How about we simplify this considerably, and answer the question with the simplesty reasoning possible?

Has mranimal experience of keeping amphibians? Has mranimal experience of keeping any of the amphibians he is considering keeping? The answer would appear to be no. As such, MrAnimal is going to be learning how to keep amphibians here, how to maintain humidity etc etc. As such, ignoring every other reason for not mixing, MrAnimal would be ill advised trying to do this whilst also trying to meet the needs of the geckos at the same time.

Keep them seperately first, get used to meeting the needs of the particular animal, THEN look into mixing if you really must. If you don't have the will, money or space to keep them seperately, then your reasons for wanting to mix in the first place are the wrong ones.

What I am saying here is, if you don't even have experience of keeping an animal, the last thing you need is to complicate things further by trying to mix them with another.

Also, MrAnimal please do your research as well as asking questions. The usual suspsects will throw a paddy with me for saying this, but this has been answered 100s of times in the last year alone, with the same answers given each and every time.

Ade


----------



## Spikebrit (Oct 23, 2006)

Wolfenrook said:


> How about we simplify this considerably, and answer the question with the simplesty reasoning possible?
> 
> Has mranimal experience of keeping amphibians? Has mranimal experience of keeping any of the amphibians he is considering keeping? The answer would appear to be no. As such, MrAnimal is going to be learning how to keep amphibians here, how to maintain humidity etc etc. As such, ignoring every other reason for not mixing, MrAnimal would be ill advised trying to do this whilst also trying to meet the needs of the geckos at the same time.
> 
> ...


completely agree, and in reality the situation described by the OP it isn't going to work. 

I think like you said it is possible, but the OP needs a bit more experience and resaerch before even considering this path.

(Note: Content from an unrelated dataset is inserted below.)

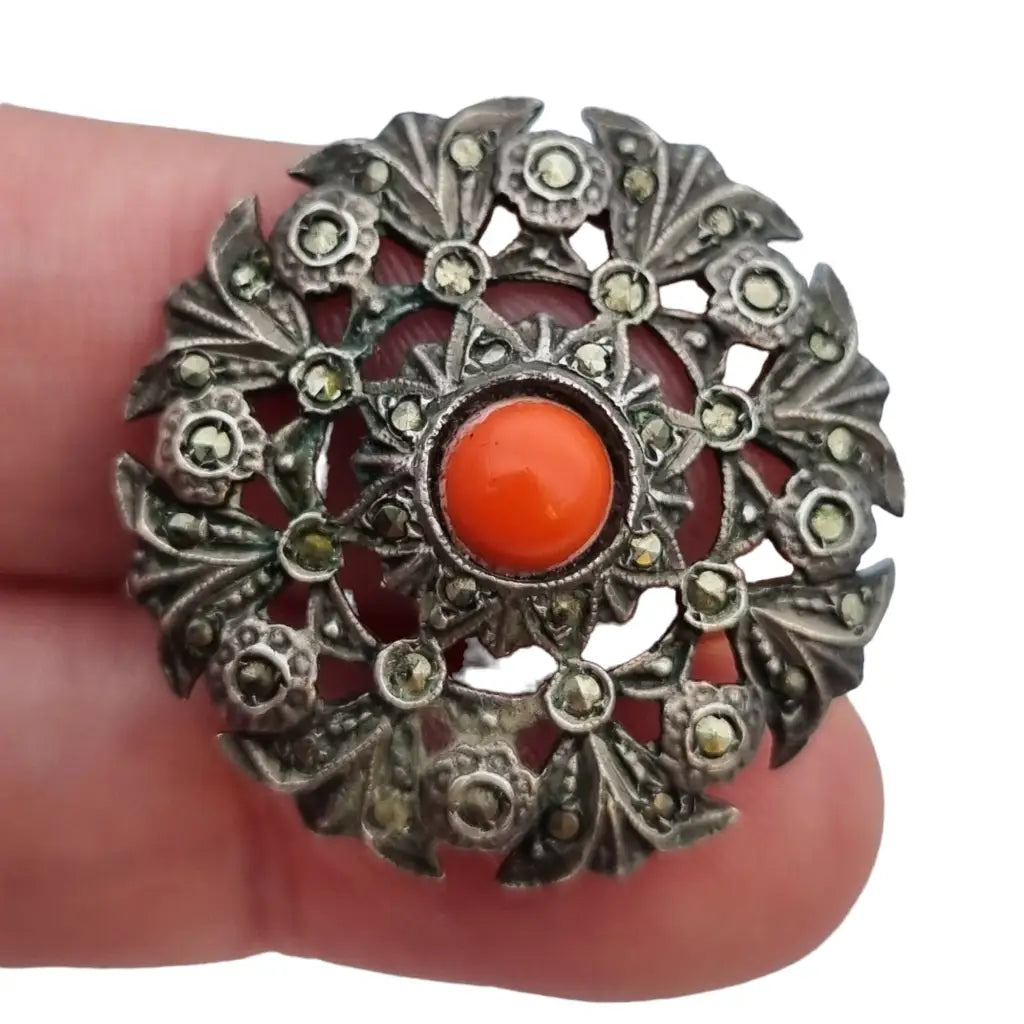 Broche plata coral Joyas vintage broche redondo mujer pin rojo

There seems to be a massive interest in mixed vivariums recently. 

On this note i rescued some green anoles the other week that had been unsuccessfully mixed by a guy who had the best of intentions but had neither the space, expereince, skills, knowledge, or the correct species for it to work. 

Jay


----------



## DrNick (Sep 20, 2012)

Wolfenrook said:


> Has mranimal experience of keeping amphibians?

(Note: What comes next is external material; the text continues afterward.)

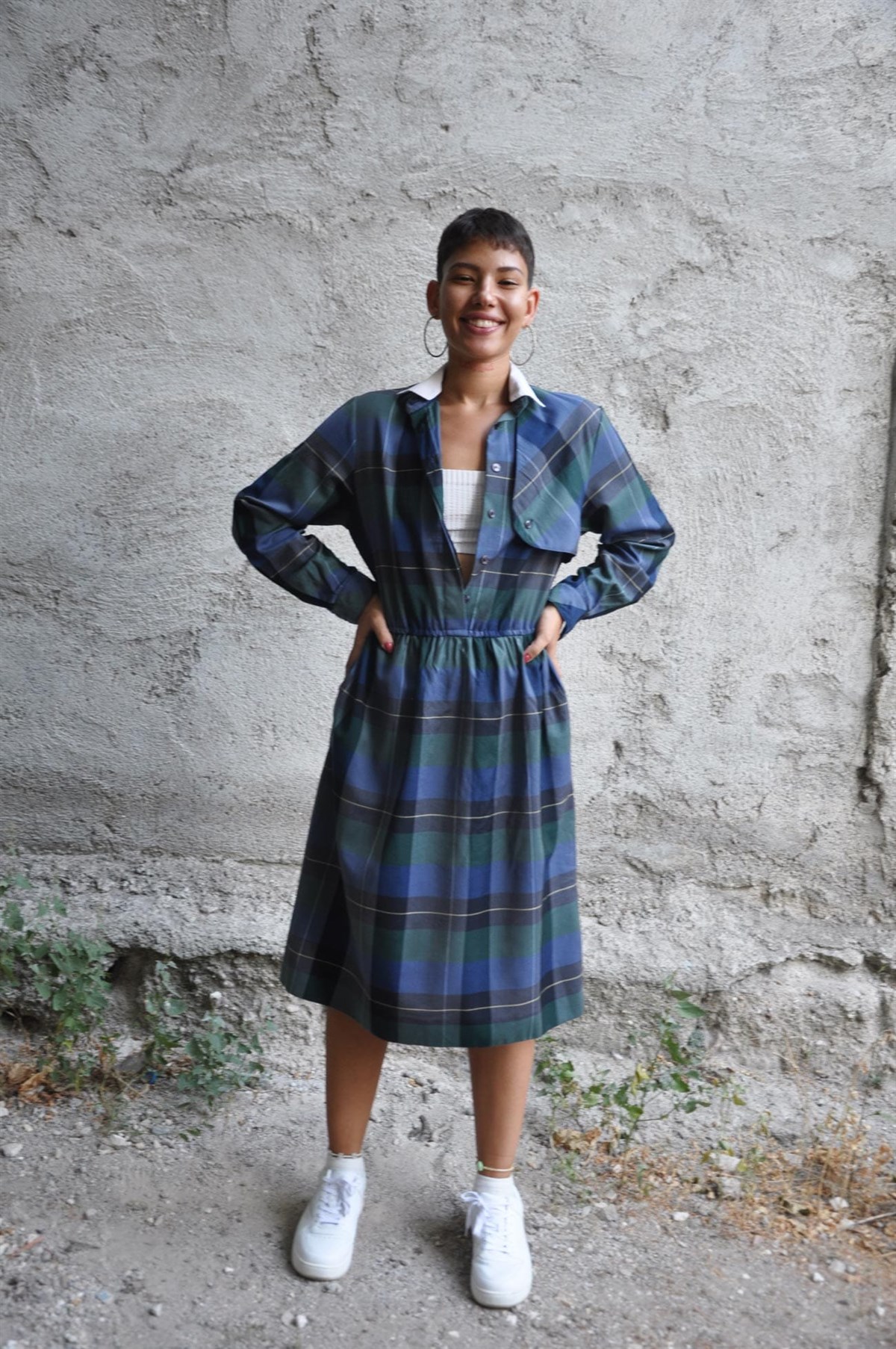 vintage ekose elbise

You're right - that should have been number one!!!


----------



## ronnyjodes (Apr 29, 2011)

DrNick said:


> You're right - that should have been number one!!!


And that's why I mentioned it in my post on page 1


----------



## Ron Magpie (Oct 11, 2009)

DrNick said:


> You're right - that should have been number one!!!


As mentioned, it gets a bit tedious repeating the same things over and over.


----------



## ronnyjodes (Apr 29, 2011)

Spikebrit said:


> On this note i rescued some green anoles the other week that had been unsuccessfully mixed by a guy who had the best of intentions but had neither the space, expereince, skills, knowledge, or the correct species for it to work.


What had he tried to mix with if you don't mind me asking please Jay? By all means PM me if you'd prefer.


----------



## Spikebrit (Oct 23, 2006)

ronnyjodes said:


> What had he tried to mix with if you don't mind me asking please Jay? By all means PM me if you'd prefer.


The person isnt on the forums i dont think and it will lead as a warning to others.

The guy who i collected the anoles from had tried to mix, anoles including various males, with long tail lizards, and unknown Indonesian skink, babrber skinks, and something else which had already died in a 3 x1 x1 foot fish tank. The others had been rehomed (or died i think really) before i'd been called, there was only one longtail and the skink left plus the anoles. I was only allowed to take the anoles. Hopefully the others will be OK now, but i have my doubts. 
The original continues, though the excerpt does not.